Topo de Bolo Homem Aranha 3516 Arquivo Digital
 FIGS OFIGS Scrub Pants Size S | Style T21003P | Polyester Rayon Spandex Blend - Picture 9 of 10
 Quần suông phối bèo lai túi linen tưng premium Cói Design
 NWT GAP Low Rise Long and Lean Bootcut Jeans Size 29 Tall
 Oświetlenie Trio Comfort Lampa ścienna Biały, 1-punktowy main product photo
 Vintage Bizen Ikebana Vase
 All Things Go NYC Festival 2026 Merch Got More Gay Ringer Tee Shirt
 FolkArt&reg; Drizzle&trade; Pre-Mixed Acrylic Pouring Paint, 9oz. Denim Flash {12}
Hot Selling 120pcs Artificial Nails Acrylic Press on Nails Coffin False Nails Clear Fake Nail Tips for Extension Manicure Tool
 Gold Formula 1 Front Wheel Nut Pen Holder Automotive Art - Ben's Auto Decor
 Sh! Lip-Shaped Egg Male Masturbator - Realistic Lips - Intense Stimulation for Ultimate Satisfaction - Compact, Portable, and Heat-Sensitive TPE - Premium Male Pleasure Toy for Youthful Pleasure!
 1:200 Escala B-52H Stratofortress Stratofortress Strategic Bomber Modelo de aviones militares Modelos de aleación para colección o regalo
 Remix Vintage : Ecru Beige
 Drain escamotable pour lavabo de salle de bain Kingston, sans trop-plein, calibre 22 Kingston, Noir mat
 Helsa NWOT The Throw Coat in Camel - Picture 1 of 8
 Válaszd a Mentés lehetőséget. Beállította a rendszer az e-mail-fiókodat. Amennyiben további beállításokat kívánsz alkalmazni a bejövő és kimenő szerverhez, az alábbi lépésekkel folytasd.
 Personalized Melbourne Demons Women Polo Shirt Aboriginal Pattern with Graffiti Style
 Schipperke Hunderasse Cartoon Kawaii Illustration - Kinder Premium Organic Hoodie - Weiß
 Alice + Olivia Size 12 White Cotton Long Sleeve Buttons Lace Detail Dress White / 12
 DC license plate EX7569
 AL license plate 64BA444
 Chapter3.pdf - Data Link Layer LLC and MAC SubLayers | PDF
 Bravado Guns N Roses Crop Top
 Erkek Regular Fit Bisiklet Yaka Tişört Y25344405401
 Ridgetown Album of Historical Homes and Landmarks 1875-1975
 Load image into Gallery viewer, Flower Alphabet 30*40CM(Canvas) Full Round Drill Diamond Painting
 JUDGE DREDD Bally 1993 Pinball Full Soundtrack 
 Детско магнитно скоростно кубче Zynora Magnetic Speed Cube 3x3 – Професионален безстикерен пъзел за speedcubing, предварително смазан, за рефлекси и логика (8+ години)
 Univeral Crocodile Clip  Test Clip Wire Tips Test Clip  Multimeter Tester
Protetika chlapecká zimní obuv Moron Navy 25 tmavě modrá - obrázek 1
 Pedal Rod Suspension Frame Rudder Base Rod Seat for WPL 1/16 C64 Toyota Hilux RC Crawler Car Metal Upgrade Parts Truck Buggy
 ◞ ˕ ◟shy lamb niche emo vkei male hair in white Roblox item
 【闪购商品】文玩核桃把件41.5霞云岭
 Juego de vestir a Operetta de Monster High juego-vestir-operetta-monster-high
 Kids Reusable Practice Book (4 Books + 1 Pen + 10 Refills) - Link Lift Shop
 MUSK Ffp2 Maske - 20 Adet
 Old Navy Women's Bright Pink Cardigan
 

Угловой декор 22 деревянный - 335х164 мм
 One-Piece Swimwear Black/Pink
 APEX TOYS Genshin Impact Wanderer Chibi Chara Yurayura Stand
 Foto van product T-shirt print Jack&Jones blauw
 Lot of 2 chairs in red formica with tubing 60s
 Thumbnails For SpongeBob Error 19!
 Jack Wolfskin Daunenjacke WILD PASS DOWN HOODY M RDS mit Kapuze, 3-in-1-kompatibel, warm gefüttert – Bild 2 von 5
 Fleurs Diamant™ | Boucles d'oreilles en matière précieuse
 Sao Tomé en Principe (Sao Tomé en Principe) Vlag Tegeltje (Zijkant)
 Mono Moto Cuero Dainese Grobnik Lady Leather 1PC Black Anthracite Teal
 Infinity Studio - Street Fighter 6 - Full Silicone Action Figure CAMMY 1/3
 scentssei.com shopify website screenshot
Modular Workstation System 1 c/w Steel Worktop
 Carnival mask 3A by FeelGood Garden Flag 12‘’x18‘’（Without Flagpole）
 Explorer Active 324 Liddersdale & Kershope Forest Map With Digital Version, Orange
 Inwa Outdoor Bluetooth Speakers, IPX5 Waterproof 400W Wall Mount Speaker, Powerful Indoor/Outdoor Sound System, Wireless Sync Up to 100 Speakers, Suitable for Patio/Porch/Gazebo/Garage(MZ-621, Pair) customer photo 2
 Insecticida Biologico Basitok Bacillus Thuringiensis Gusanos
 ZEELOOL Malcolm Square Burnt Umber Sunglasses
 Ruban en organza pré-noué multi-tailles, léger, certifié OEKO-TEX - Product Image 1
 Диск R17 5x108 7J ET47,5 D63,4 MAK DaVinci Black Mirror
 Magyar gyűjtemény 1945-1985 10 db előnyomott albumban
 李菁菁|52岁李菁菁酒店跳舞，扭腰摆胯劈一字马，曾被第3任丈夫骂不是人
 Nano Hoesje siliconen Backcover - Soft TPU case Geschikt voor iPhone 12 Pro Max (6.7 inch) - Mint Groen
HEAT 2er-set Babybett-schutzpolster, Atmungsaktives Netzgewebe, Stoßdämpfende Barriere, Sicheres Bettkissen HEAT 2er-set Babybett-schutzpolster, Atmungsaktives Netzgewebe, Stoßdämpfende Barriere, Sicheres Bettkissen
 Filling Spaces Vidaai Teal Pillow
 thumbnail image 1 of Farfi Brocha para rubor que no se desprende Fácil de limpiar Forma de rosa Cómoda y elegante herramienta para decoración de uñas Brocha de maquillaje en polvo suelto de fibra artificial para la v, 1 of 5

- _Exercise details_: Would you restate, word for word, every line of the listing from its first line through the line with "NWT GAP Low"?

- _Expected answer_:
Topo de Bolo Homem Aranha 3516 Arquivo Digital
 FIGS OFIGS Scrub Pants Size S | Style T21003P | Polyester Rayon Spandex Blend - Picture 9 of 10
 Quần suông phối bèo lai túi linen tưng premium Cói Design
 NWT GAP Low Rise Long and Lean Bootcut Jeans Size 29 Tall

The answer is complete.